Unless a team features a freak collection of young, NBA-level talent (UCLA 2015), veterans are required to lead a team into the NCAA tournament’s second weekend. The leading three scorers on all but five of our 26 teams had at least three years experience per player. George Mason’s 2006 Final Four team joined Richmond and Cornell as a team with three seniors leading the way.

While we’re here, let’s take a closer look at 3-point shooting. It’s important, but not as important as you might think.

Thirteen of the 26 teams finished 100th or worse in 3-point percentage. Fifteen were in the bottom half among Division I schools in the percentage of their field goal attempts that were 3s. Syracuse, for example, made the 2018 Sweet 16 despite rarely shooting 3s and shooting them poorly all season. Same goes for Oregon (2013) and Tennessee (2014). The Vols are interesting because they were 286th in 3-point percentage, yet 15th in offensive efficiency — and 20th in defensive.

Finally, numbers aside, we’d be foolish not to mention intangibles.

VCU was likely the last at-large team selected in 2011. Wade mentioned the value of playing each game under intense pressure during the last six weeks of the regular season.

“You’re basically playing a NCAA tournament-style game every game,” he said. “It’s not necessarily that you have to beat somebody it’s that you can’t lose to somebody. When you are in those leagues and you get to the NCAA tournament there’s a lot of pressure that’s off of you… you’ve been dealing with that for six weeks and it’s like, 'Hey, we made it. Let’s let our hair down and go play now.'”

Pearl's teams at Milwaukee and Tennessee fed off his fiery personality. His explanation on how some teams can kill giants in the tournament: smaller schools compete with an edge.

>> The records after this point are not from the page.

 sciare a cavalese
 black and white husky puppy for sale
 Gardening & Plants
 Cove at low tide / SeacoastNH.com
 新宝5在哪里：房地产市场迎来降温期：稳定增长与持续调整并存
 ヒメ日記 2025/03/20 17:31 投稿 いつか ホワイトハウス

“They didn’t get recruited by those schools and they think they’re as good as they are. This is their one shining moment. This is their chance to prove. So they go in hungrier. They’re just hungrier,” Pearl said. “Going to the tournament is so much more difficult at that level. You and your fans and a university appreciate a bid whereas so many high majors they just take a bid for granted.”

Chartier has crafted statistical models for teams built around a superstar like Curry, but they haven’t produced reliable results. So maybe there’s magic in March that can’t be quantified. The element of the unexpected permeates through every bracket. Players seemingly exceed capabilities. Teams find qualities they’ve searched for all season.

It’s what makes March Madness magnificent. And why we can’t wait to watch again.